### [What to do]
Exactly as they appear, print the line with "M0908Y SHARP 除加湿空気清浄機 ~32畳 KC-HD70 21年" and each line after it through the end of the entries below; leave out pictures.

════════════════════

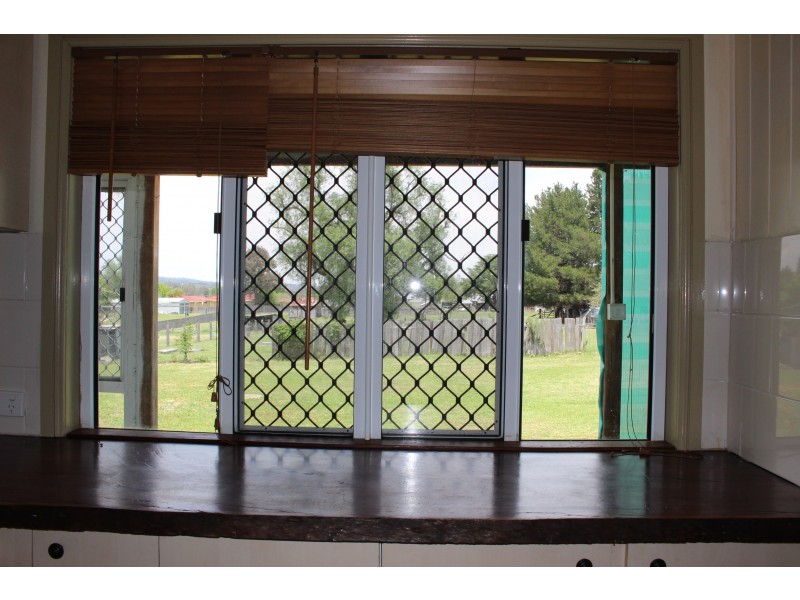 49 Molesworth Street, Tenterfield NSW 2372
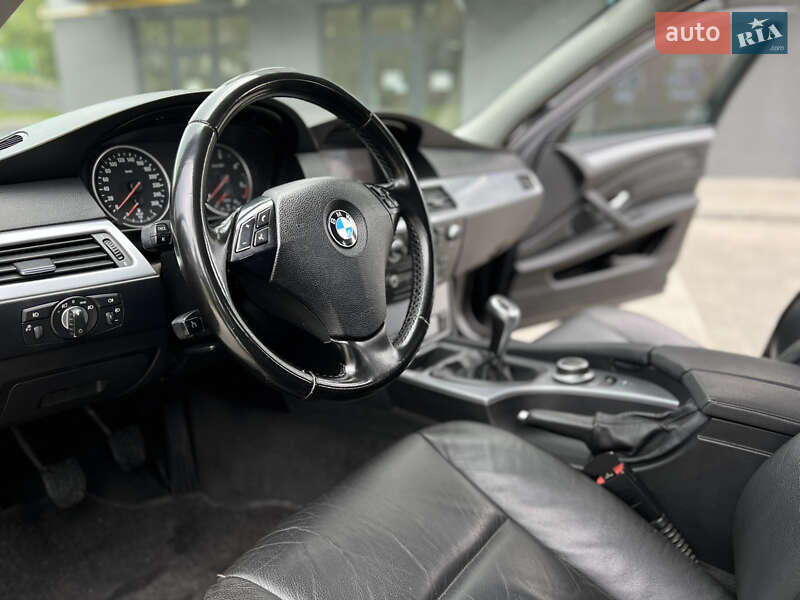 Седан BMW 5 Series 2007 в Новояворовске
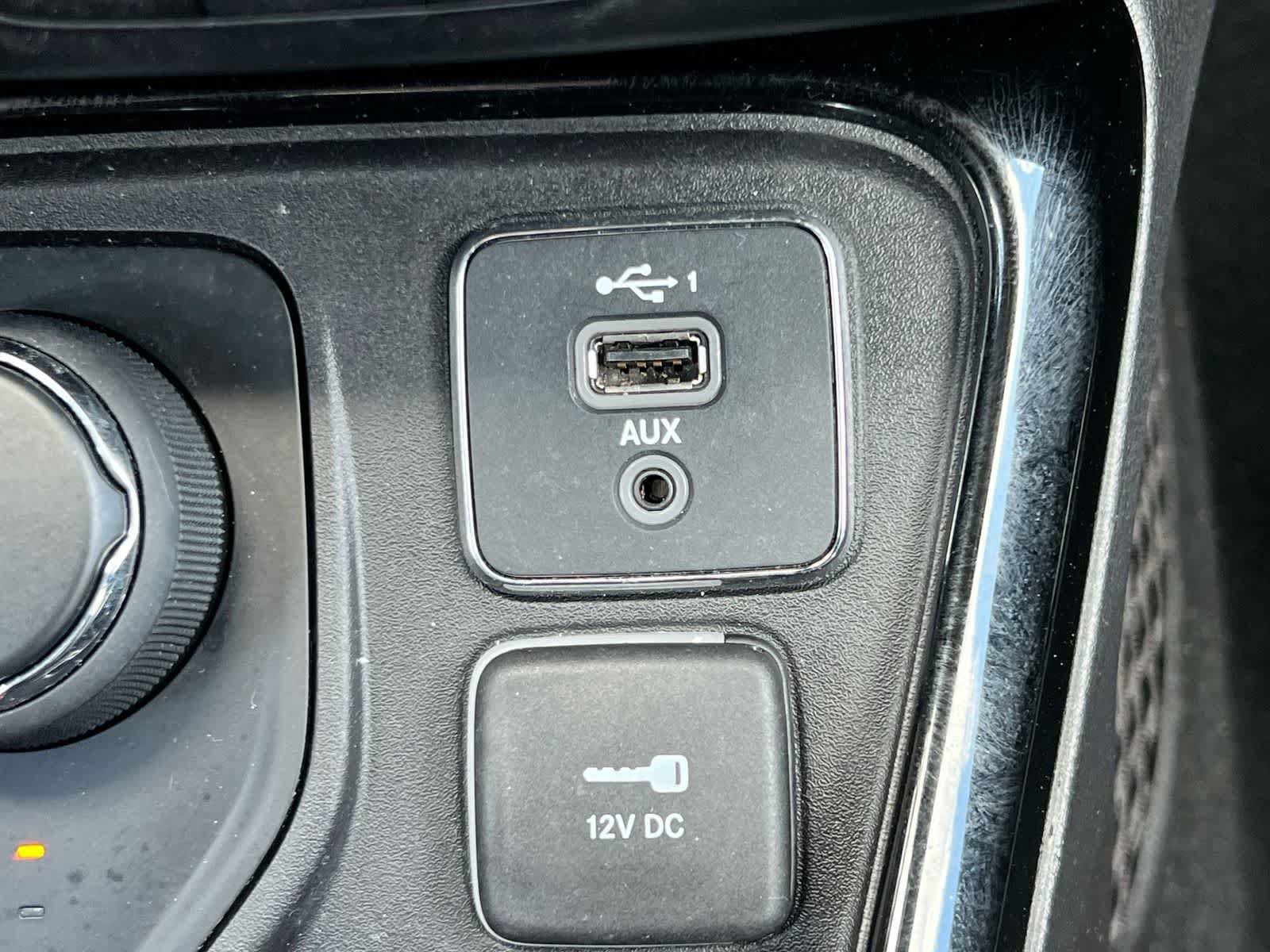 Used 2020 Jeep Compass Limited AWD/4WD image 31
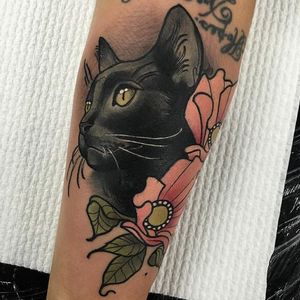 Black cat via instagram TimTavaria #neotraditional #romantic #color #cat #blackcat #TimTavaria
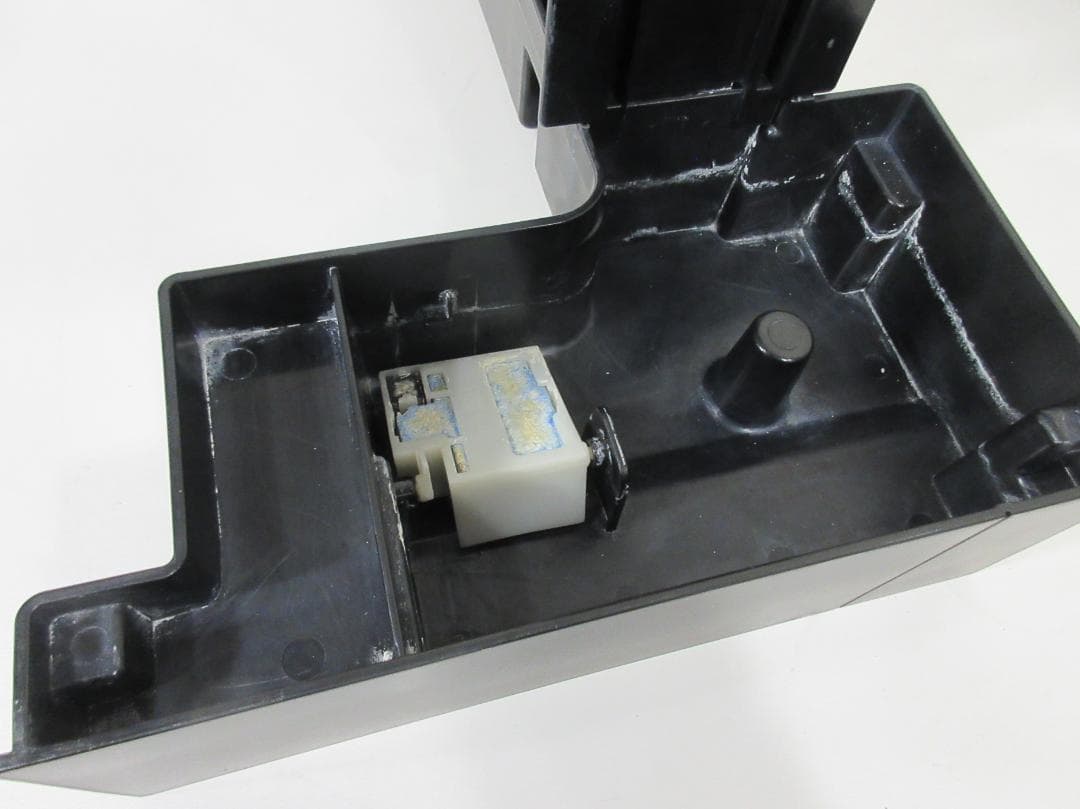 M0908Y SHARP 除加湿空気清浄機 ~32畳 KC-HD70 21年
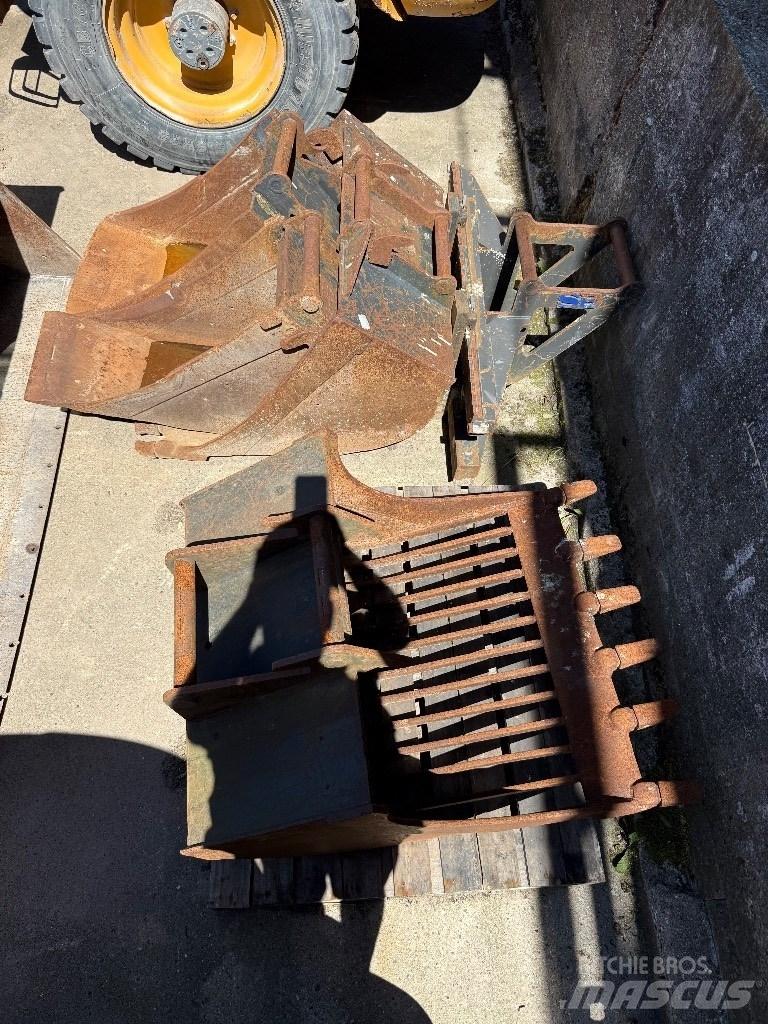 Kubota KX080-4 중형굴삭기 7톤-28톤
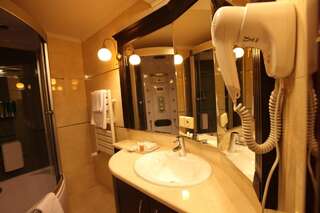 Отель President Resort Hotel Кишинёв Стандартный двухместный номер с 2 отдельными кроватями-4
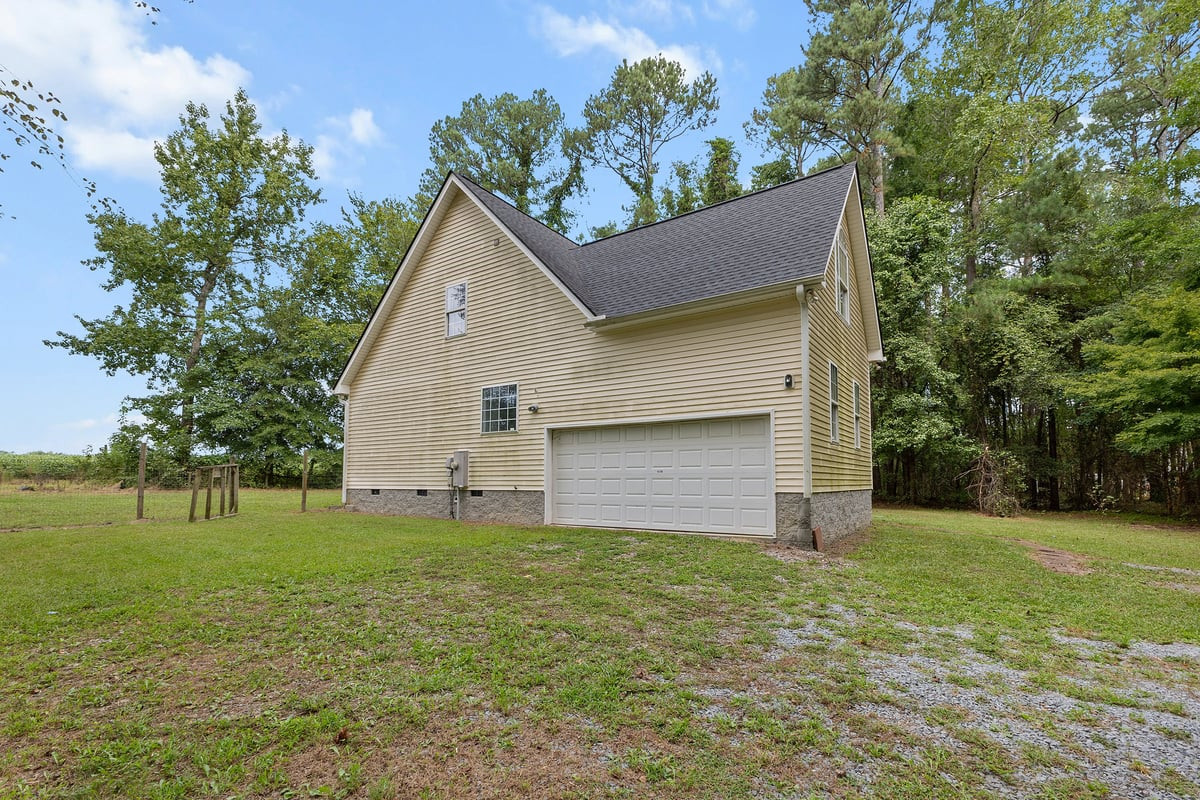 112 Day Lane Property Photo 47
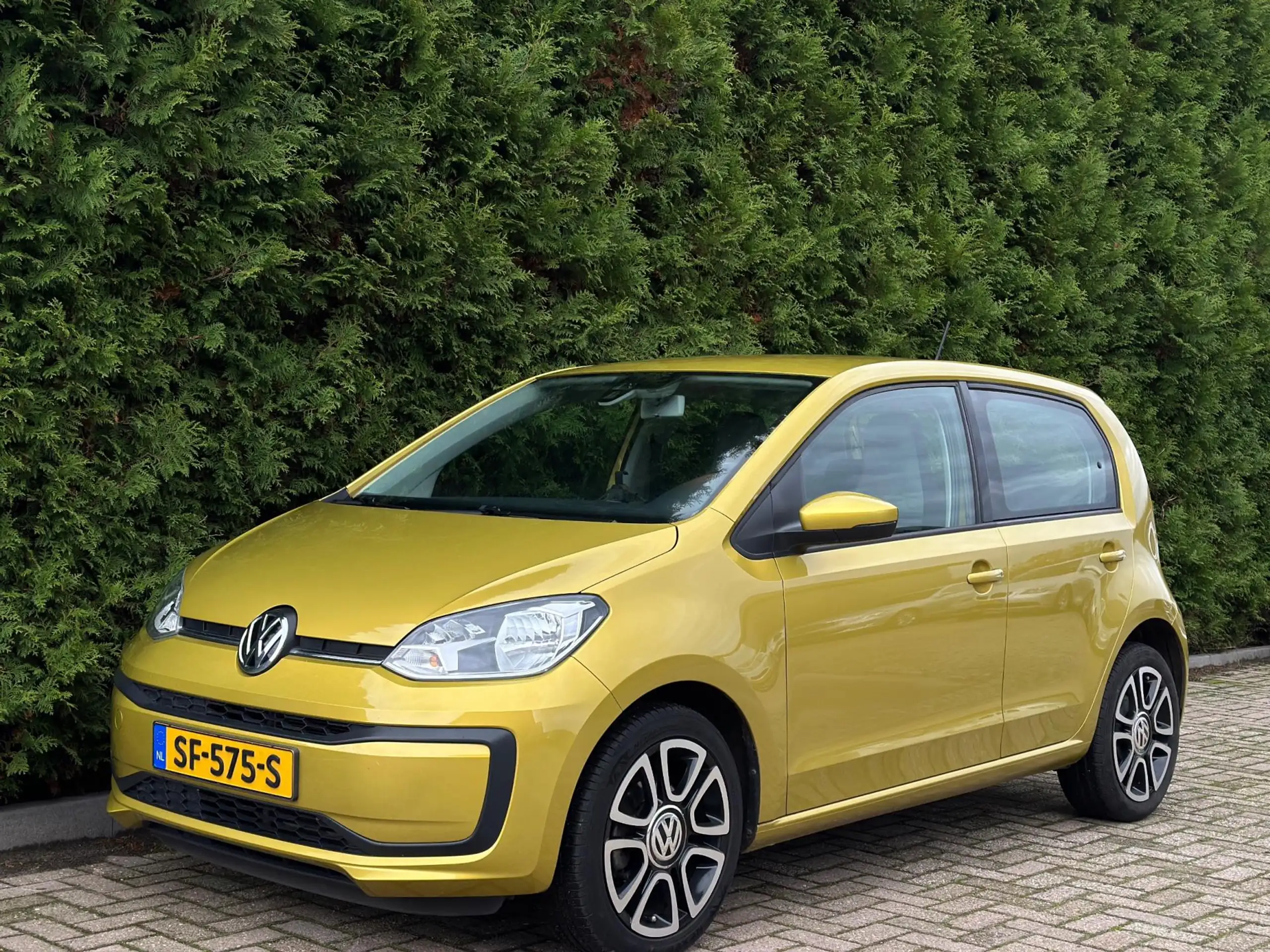 Volkswagen - up!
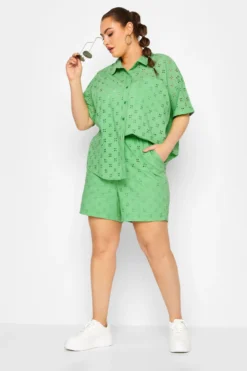 LIMITED COLLECTION Curve Green Broderie Anglaise Shirt 10 LIMITED COLLECTION Curve Green Broderie Anglaise Shirt -Outlet Stylo Wise Store 44c00143 fa4a 43 215528 B scaled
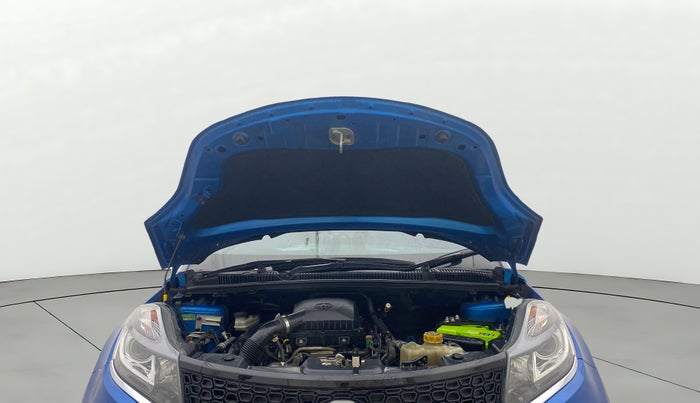 2017 Tata NEXON XZ PLUS PETROL, Petrol, Manual, 47,307 km, Open Bonet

════════════════════

### [Exercise answer]
 M0908Y SHARP 除加湿空気清浄機 ~32畳 KC-HD70 21年
 Kubota KX080-4 중형굴삭기 7톤-28톤
 Отель President Resort Hotel Кишинёв Стандартный двухместный номер с 2 отдельными кроватями-4
 112 Day Lane Property Photo 47
 Volkswagen - up!
 LIMITED COLLECTION Curve Green Broderie Anglaise Shirt 10 LIMITED COLLECTION Curve Green Broderie Anglaise Shirt -Outlet Stylo Wise Store 44c00143 fa4a 43 215528 B scaled
 2017 Tata NEXON XZ PLUS PETROL, Petrol, Manual, 47,307 km, Open Bonet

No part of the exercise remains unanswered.